I stood chatting conversationally with the new minister who had recently arrived in the Parish of a community on the Northwest coast of Scotland. I was not a member of his church – but what is termed in Scotland an ‘Adherent’ – in other words I attended the church in question as regularly as I could. As we chatted I mentioned something I did (privately) in the community to prompt an interest in the Christian faith. His only reply was – ‘We’ll See’! In other words, and his future behaviour bore this out, – ‘I’m now the boss around here and you will do what I want you to do’. Unfortunately, although taken somewhat aback, I gave him the benefit of the doubt and did not heed the warning signal I had just been given. How I wish I had – and never entered the door of his church again. He turned out to be one of the worst kind of manipulative bullies I have ever met. Oh yes, he belonged to the evangelical wing of his denomination, but that did not prevent him subsequently spreading malicious rumours and lies about me as well as accusing me of being opposed to him and being a troublemaker. I may be many things, and have made many mistakes, but the things of which he later accused me I have never sought to be, consciously at any rate. Yes, I have always regarded a clear conscience before God as of infinity more value than pleasing men – and if that is to be regarded as being a ‘troublemaker’ so be it. But I certainly gave this man no cause for his disgraceful behaviour towards me and my family. The truth is he went out of his way to find offence even in the most innocent of circumstances. He was looking for a fight – and to be honest, to this day, I have never understood why.
This incident had long ago been filed in the ‘Lessons’ section of my ‘Life Library Archive’ where is was covered with the dust of many years. However, I was forced to retrieve it recently as the result of a meeting another minister of the same denomination and listening to his experience. I will not go in to detail due to the confidentiality of my conversations – but suffice to say that this time the boot was on the other foot. The authority structure of his church was, on this occasion, set against him and his life had been made very difficult to say the least. Once again the foundation of his trials rested in the question – ‘who really is the boss here?’
Unfortunately, such behaviour by religious leaders and in church circles is nothing new. When John started preaching and baptising almost immediately the forebears of the minister, in one case, elders, in the other, mentioned above, were on the scene demanding answers. As Eli Lizorkin-Eyzenberg notes in his commentary on the Gospel of John, of that confrontational meeting between John the Baptist and the representatives of the central religious authorities in Jerusalem (John 1:20), it was – ‘really a statement from Jerusalem about John’s lack of proper credentials’. Lizorkin-Eyzenberg goes on to say – ‘Most disputes that Jesus has with his opponents in this Gospel are in some way connected with the concept of Authority’. Well well! No wonder those trying to live a life with a clear concise before God similarly run up against the same issue!

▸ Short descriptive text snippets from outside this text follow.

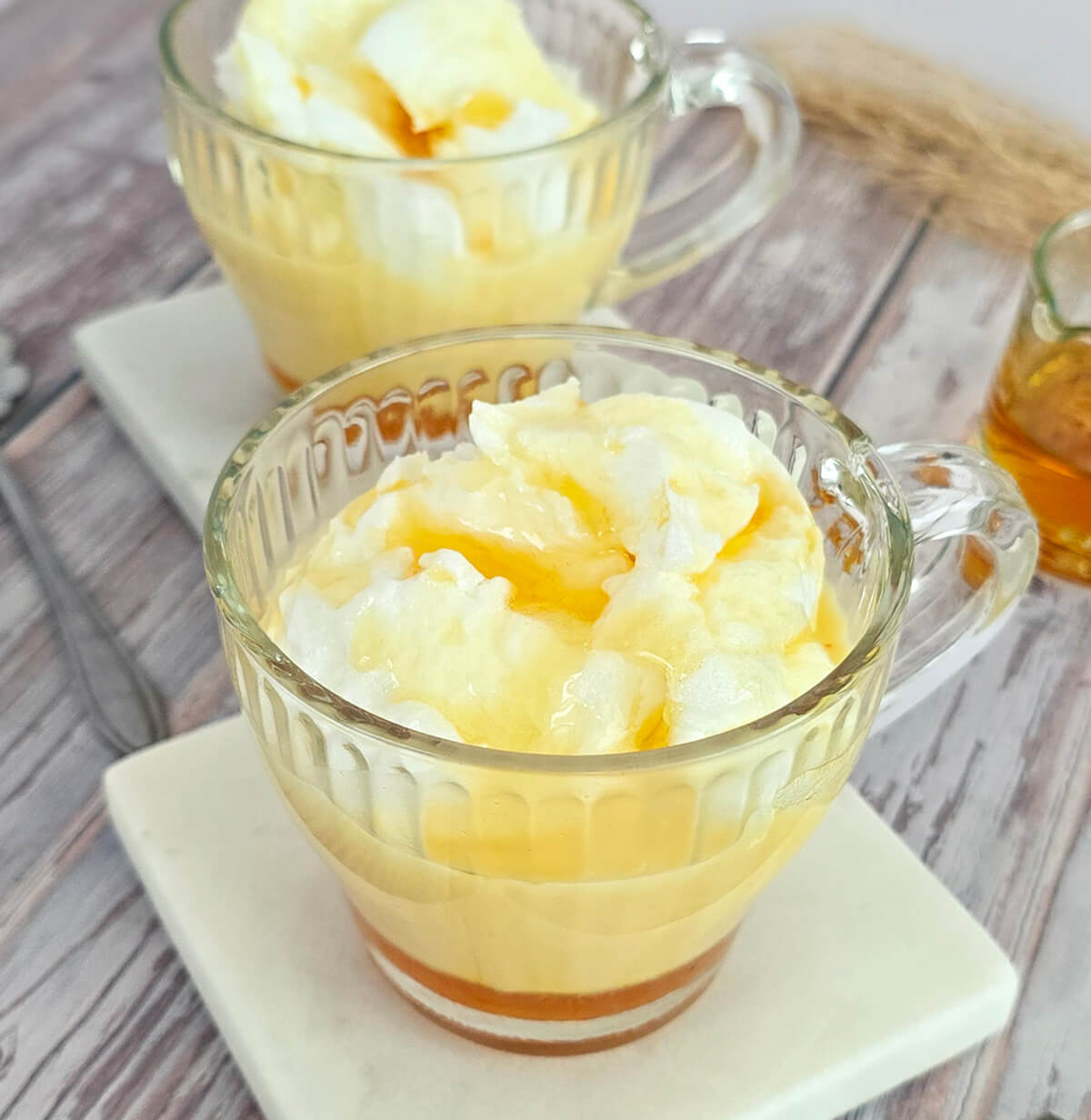 Deux îles flottantes servies dans des tasses en verre sur des sous-verres en marbre blanc, montrant les blancs en neige sur une crème anglaise onctueuse.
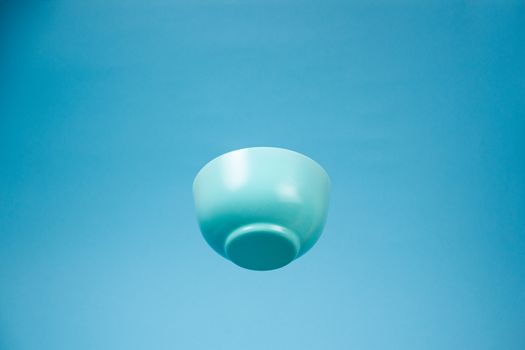 A blue ceramic mattle deep bowl for breakfast flying on blue background. Ideal photo for levitation of food and fruits or nuts.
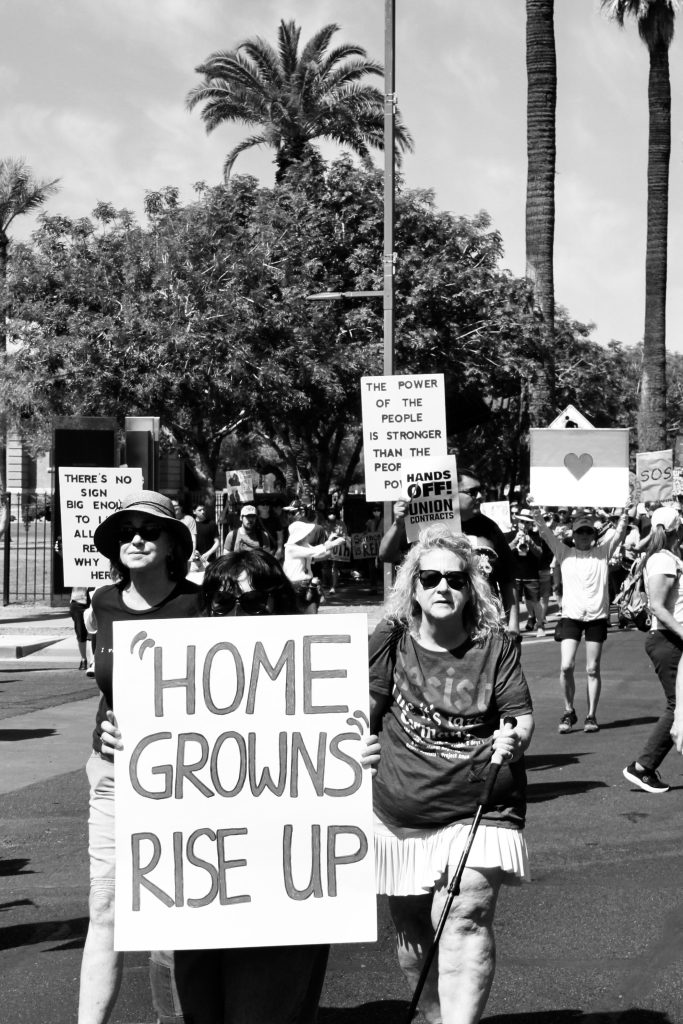 Black and white picture of protest march. Focus on two women holding sign that says "'HOME GROWNS' RISE UP"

Unfortunately, the incident recorded at the beginning of this post, which took place many years ago now, was not the first or the the last time I have had similar experiences. It is in my nature personally, because I don’t like confrontation, to walk away from such situations – but even then there is no guarantee that the the ‘Authority’ whoever he or she might be or represent, will not stop pursuing you until they have drawn blood. The saddest thing for me to say is that this happened in my own tradition, among so called ‘Evangelical’s’. While one might have expected somewhere on the road to meet their great reformation hobbyhorse ‘grace’ this was not the case in my interactions with such people. Never once did someone who had treated me, from a christian standpoint, absolutely disgracefully, ever utter a word of apology or regret. To me that fact alone speaks volumes.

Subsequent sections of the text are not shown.